The world’s first solar road was opened in France on December 2016. It was a ridiculously expensive project: the French government spent $5.2 million to construct one-kilometer long road consisting of 30,000 square feet of solar panels.
The road was built by a major French civil engineering firm, Colas Group. It specializes in road construction and rail track construction. The firm had been working on its own solar road tech, Wattway, for more than five years.
The French Ministry of the Environment said the road would generate enough electricity to power streetlights in the local town, Tourouvre. In fact, the government had made plans to pave one thousand kilometers of highways with photovoltaic panels over the next five years.
Poor Planning and Rushed Design
The idea of constructing road out of solar panels in Normandy, France isn’t impressive at all, because the area does not have the most sunshine. It has less than 50 days of strong sunshine in a year.
Recently, Le Monde, a French daily afternoon newspaper, reported that photovoltaic panels weren’t able to withstand the wear and tear caused by heavy vehicles. They also couldn’t withstand the heavy thunderstorms, and produced too much noise for local residents, so the speed limit had to be reduced to 44 miles per hour.
Worse, the engineers did not take into account the effects of rotting leaves, which limited the electricity-generating capacity of panels.

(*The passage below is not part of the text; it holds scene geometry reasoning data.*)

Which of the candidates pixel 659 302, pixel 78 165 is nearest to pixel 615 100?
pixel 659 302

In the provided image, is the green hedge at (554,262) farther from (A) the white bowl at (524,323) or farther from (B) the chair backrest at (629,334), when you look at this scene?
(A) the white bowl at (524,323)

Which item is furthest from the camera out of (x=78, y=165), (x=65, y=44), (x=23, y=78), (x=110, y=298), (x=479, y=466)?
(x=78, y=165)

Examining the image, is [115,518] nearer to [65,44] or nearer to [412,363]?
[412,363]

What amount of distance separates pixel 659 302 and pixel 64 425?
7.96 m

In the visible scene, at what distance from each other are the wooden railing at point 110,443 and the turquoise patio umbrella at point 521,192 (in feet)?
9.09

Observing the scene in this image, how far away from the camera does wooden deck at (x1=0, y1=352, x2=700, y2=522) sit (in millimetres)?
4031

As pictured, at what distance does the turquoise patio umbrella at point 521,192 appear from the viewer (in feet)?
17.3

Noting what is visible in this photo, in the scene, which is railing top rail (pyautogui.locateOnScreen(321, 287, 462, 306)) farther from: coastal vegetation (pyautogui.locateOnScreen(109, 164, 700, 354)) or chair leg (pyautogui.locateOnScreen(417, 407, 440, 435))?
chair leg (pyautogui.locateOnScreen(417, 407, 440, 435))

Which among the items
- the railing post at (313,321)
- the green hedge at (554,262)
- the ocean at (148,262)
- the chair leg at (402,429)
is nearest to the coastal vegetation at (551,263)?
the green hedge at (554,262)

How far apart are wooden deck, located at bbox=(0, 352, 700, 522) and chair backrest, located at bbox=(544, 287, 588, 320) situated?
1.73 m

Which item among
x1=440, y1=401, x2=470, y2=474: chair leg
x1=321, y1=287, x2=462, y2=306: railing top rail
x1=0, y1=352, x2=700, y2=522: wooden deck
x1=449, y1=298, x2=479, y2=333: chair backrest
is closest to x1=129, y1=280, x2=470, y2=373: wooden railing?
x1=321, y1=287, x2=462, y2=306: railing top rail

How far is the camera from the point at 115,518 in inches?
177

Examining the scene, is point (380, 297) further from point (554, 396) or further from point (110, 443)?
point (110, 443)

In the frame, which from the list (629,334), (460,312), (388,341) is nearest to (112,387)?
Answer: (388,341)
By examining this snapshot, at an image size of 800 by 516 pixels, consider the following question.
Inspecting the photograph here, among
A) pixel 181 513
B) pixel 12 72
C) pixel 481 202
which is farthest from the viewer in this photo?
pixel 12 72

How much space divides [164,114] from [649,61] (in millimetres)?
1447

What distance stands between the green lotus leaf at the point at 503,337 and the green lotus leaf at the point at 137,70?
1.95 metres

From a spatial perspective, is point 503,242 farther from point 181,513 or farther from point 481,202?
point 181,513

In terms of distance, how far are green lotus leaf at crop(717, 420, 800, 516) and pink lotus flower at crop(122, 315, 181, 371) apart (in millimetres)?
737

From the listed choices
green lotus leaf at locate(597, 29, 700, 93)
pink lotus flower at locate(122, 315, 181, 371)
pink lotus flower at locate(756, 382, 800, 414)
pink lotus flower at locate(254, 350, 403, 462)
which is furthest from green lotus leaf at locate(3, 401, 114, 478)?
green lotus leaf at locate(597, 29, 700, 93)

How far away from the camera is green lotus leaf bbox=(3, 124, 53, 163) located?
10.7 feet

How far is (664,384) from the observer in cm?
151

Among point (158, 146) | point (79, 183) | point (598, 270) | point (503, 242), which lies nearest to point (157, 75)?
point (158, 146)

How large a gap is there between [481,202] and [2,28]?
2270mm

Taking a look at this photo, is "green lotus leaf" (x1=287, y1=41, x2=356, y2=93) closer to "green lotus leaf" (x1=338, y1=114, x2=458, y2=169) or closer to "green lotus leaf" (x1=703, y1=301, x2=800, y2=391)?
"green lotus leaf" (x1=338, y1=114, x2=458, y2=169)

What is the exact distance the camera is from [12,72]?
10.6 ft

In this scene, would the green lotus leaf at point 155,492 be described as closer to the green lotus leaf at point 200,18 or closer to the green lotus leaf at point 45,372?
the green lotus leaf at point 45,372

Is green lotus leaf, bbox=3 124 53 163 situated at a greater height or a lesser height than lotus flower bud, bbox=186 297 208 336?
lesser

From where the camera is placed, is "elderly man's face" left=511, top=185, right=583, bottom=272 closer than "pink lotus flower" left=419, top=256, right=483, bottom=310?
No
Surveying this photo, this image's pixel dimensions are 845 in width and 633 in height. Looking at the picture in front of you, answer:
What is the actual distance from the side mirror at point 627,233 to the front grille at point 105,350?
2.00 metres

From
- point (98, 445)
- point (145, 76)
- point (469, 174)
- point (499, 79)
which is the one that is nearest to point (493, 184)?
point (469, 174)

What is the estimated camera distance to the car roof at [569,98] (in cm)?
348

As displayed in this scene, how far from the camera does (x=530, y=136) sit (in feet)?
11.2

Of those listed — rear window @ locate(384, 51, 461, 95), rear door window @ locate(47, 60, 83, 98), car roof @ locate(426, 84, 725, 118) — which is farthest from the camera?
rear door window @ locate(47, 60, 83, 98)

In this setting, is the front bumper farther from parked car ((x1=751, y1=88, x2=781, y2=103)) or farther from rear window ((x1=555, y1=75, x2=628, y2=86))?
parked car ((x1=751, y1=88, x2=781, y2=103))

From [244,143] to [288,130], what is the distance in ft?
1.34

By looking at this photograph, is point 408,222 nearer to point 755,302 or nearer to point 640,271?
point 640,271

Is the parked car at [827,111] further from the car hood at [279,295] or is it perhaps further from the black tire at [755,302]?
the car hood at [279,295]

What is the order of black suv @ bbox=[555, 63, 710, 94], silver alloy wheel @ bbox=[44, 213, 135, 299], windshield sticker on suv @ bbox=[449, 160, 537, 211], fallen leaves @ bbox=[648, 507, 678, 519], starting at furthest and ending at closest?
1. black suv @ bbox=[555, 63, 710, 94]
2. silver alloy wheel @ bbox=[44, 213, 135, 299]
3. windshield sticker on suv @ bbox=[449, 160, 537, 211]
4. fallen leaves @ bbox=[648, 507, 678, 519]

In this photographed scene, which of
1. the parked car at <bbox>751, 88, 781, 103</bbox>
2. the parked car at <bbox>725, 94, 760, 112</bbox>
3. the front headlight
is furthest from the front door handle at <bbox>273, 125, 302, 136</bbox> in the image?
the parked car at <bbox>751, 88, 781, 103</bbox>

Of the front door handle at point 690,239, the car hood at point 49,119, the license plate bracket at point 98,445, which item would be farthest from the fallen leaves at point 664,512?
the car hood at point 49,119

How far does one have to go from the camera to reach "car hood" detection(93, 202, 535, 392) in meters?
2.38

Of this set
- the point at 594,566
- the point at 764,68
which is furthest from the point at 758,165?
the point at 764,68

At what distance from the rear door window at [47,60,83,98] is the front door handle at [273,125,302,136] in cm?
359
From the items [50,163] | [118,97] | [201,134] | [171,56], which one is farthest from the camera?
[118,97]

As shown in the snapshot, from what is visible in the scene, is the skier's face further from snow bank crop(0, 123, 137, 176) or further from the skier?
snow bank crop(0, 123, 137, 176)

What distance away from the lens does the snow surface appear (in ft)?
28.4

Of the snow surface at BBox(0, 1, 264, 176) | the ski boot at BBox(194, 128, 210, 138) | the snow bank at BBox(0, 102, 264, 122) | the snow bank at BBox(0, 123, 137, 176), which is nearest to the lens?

The construction company said that the photovoltaic panels were protected by a 7 mm layer of polycrystalline silicon so that they can work in extreme environments. However, these panels have come loose or broken into small pieces since the opening.
Initially, the solar road was meant to generate nearly 150,000 kWh of energy per year, which is enough to light up 5,000 homes every day. Instead, the equipment made only 78,397 kWh in 2018, and less than 38,000 kWh by the end of July 2019.
Image credit: Fabrizio Bensch/Reuters
The profit made from the sale of electricity was estimated to be more than €10,500 a year, but it only generated €4,550 in 2017, €3,100 in 2018, and €1,450 in the first quarter of 2019.
‘The economic and technical elements of the project were not clearly understood. It is totally unreasonable to spend millions in innovating solutions that already exist and are much more profitable, such as solar panels on roofs.’ — Marc Jedliczka, vice president of the Network for Energy Transition.
The trial is now over. Etienne Gaudin, the chief executive of Wattway, told Le Monde that the model would not be going to market. It isn’t suitable for long-distance traffic. Instead, the company will be focusing on smaller modules to generate electricity for electric bicycle charging stations, bus shelter lighting, and CCTV cameras.